Thomas holdt den 7. mai tale ved Vestre gravlund. Dette var i forbindelse med en seremoni hvor ambassadører og forsvarsattacher hedret sine borgere som døde for Norge under andre verdenskrig. Det er flere minnestener som hedrer disse menneskene og hver minnesten fikk en krans nedlagt. Veteraninspektør Kristin Lund la også ned en krans. Talen er i sin helhet gjengitt her:

 

Defence attaches,
Officers and veterans,
Ladies and gentlemen,

Some time ago, my grandmother passed away.
When World War II came to Norway, she was 17 years old.
She was the only girl in the family and one day when she came home from school, her mother met her outside of their house and calmly said: » The boys have gone to war. «
Two of her brothers left for England to join an SOE company called: Linge.
After commander Linge was shot dead a year later, one of the brothers left the company and became a pilot.
In 1945 his plane crashed in the North Sea close to shore. The smoke column could be seen billowing into the sky from land.
My grandmother told me that her mother, with grief in her voice had uttered the words: » Olav will not be coming home.»

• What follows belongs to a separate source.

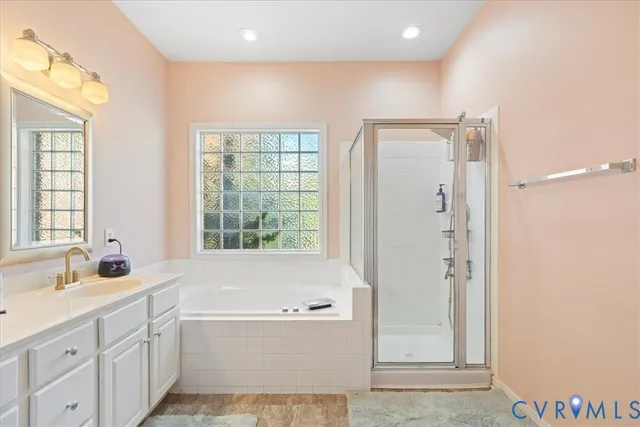 a bathroom with a tub sink and mirror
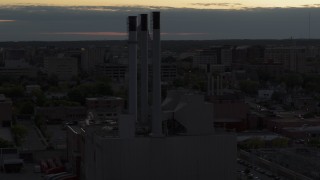 DX0002_162_010 - 5.7K aerial stock footage of approach and orbit power plant smoke stacks at twilight, Madison, Wisconsin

We are many nations gathered here to commemorate the people who lost their lives in the struggle for a peaceful world.
Behind all those recalled, there are families.
There are children, grandchildren, and there are proud nations.
Each one of the fallen we commemorate today sacrificed their life for the freedom we now have.
See not only the stones but also see their names, and reflect over their sacrifice.

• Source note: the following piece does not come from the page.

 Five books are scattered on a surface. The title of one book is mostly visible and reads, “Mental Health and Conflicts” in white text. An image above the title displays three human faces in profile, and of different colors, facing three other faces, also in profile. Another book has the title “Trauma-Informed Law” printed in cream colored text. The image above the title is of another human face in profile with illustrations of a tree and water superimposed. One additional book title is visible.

The generation that took part in the fighting during World War II is no longer as plentiful as they once were.
New generations grow up and fill the ranks.
With the generation that is diminishing, there is also a great risk that the stories about them will disappear.
Here we all have an important responsibility for the future.
We are responsible to keep their stories alive.
We are responsible for ensuring that their sacrifice was not in vain.

Today’s world community is a safer community.
The world today is more free than it was before World War II.
Today many nations contribute together in international operations.
They believe that there is hope.
The legacies of our ancestors are maintained through the soldiers of our time.
Together the soldiers of our time work every day to maintain peace and security worldwide.

I myself am one of those who feel the responsibility to contribute to bring peace and security to our society.
A sense of duty that is difficult to explain.
Nordahl Grieg came with an admonition that can be read on a memorial in Normandy.
» Son, defend the freedom your father won «
Perhaps it is the echo of the war generation that gives us this sense of duty.

Every day, young men and women from many different countries makes a difference around the world.
From a small group of UN observers, major naval operations at sea to challenging peace enforcement operations around the world.

There are, many challenges that are complex and demanding.
We currently have tense situations not far from us right now.
However , through tolerance and dialogue , we can also master these challenges.
We have more tools to deal with difficult conflicts than before.
We have better cooperation between states.
We have recognized the individual’s right to live.

I stand here today in front of these memorials and I’m proud.
Proud to say that we have made a difference.
Proud to say that we are preserving their legacy.
We shall remember their sacrifice, and we honor those who carry their heritage of freedom forward.

7.mai

 

 

 

 

 

 

Thomas i munter samtale med FVI Kristin Lund.